Problem to solve:
Pictures do not belong in your copy. Repeat all the other data exactly.

Dataset section:
· · · ·
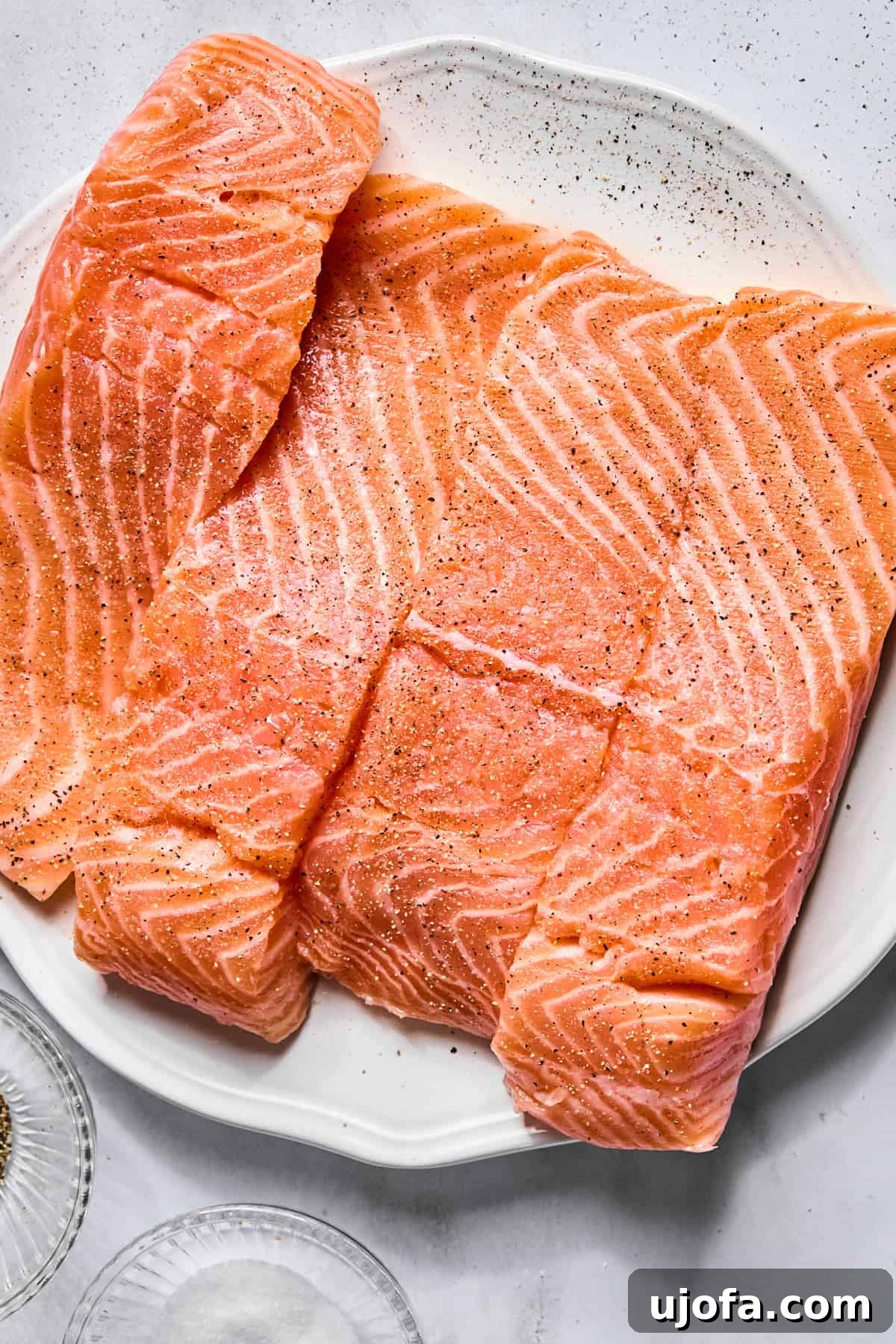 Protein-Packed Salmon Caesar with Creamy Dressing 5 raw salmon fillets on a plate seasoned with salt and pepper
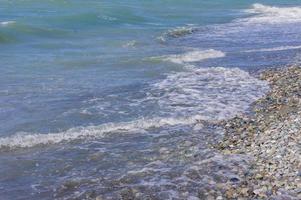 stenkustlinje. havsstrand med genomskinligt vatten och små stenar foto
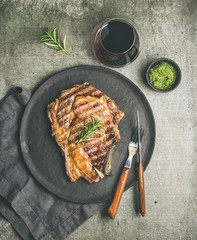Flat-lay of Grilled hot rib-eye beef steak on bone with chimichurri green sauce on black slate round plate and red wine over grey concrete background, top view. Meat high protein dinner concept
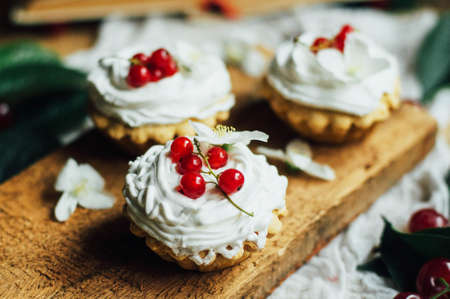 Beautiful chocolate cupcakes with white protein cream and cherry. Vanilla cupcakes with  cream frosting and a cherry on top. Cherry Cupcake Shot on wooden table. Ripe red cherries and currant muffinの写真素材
· · · ·
Exercise response:
 Protein-Packed Salmon Caesar with Creamy Dressing 5 raw salmon fillets on a plate seasoned with salt and pepper
 stenkustlinje. havsstrand med genomskinligt vatten och små stenar foto
Flat-lay of Grilled hot rib-eye beef steak on bone with chimichurri green sauce on black slate round plate and red wine over grey concrete background, top view. Meat high protein dinner concept
 Beautiful chocolate cupcakes with white protein cream and cherry. Vanilla cupcakes with  cream frosting and a cherry on top. Cherry Cupcake Shot on wooden table. Ripe red cherries and currant muffinの写真素材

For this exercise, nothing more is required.